Scientists in Europe are working on a program to detect lies on Twitter. Pheme, the social media “lie detector,” will be ready to polygraph the social network by the end of 2015.
Pheme will work by analyzing trends on Twitter in real time so that emergency services, governments and journalists are able to sift through the web of distortions and untruths bandied around online.
It’s possible that Pheme would have been helpful in recent times of crisis, where things that turned out to be untrue went viral on social networks (case in point, the Boston Marathon Massacre, during which the Internet conducted its own ill-informed man hunt).
The researchers claim their new robot would have been able to determine, for example, that dangerous animals had not in fact been released from London Zoo during the 2011 riots, or that the London Eye had not been set on fire, as was rumoured on Twitter.
“People do believe things they hear on the internet,” said one of Pheme’s researchers, Kalina Bontcheva, from the University of Sheffield’s engineering department. “In critical situations, you can instead show reliable information or alert the authorities before things get out of hand.”
Rather than simply tell whether a statement is true or false, Pheme will place suspicious statements into four categories: speculation, controversy, misinformation, and disinformation.
Rather like Google’s algorithms, Pheme will aim to determine a statement’s truthfulness based on the reliability of its sources and the history of its authors.
While the rumours about the London Zoo and the London Eye would be easily verifiable to eyewitnesses, the project claims to be useful in situations where the truth isn’t so clear cut. Researchers say bogus health advice and warnings will now be easier to detect by cross-referencing tweets with PubMed, an online database of medical papers.
The £3.5 million ($5.85 million) project is funded by the European Commission, one of three governmental bodies in the European Union’s 27 member states, and is currently projected to run for three years.
It is possible that Pheme will also be used to monitor the Web for other information that could be inconvenient for governments and businesses, rather than simply untrue.
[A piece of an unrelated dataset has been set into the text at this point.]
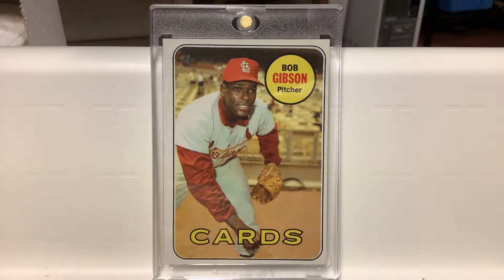I'm going to do a video here of all of my favorite St. Louis Cardinal baseball cards, the vintage ones that I put into one-touch holders.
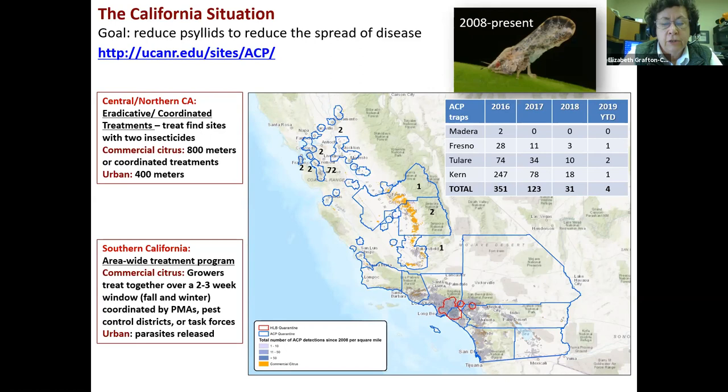In Southern California, the psyllid is basically everywhere. In Central and Northern California, the approach is eradication — you find a psyllid on a trap, you search the area, you spray the area. The chemicals used are pyrethroids and neonics primarily, and those work great to locally eradicate the pest. In Southern California, local eradication is not feasible, so growers are on an area-wide suppression program. In the urban areas, parasites have been released to try to calm the populations down, and both of those things are helping.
British comedian David Baddiel wondered whether it would understand jokes.
Will Pheme - the new social media lie detector - understand jokes?— David Baddiel (@Baddiel) February 19, 2014
Others were more skeptical, suggesting the project has more sinister motives.
#PHEME is a governmental conspiracy, funded by the EU, to monitor citizens.— L.G. Parker (@LGParker1) February 19, 2014
Could this be true? Only Pheme can really know.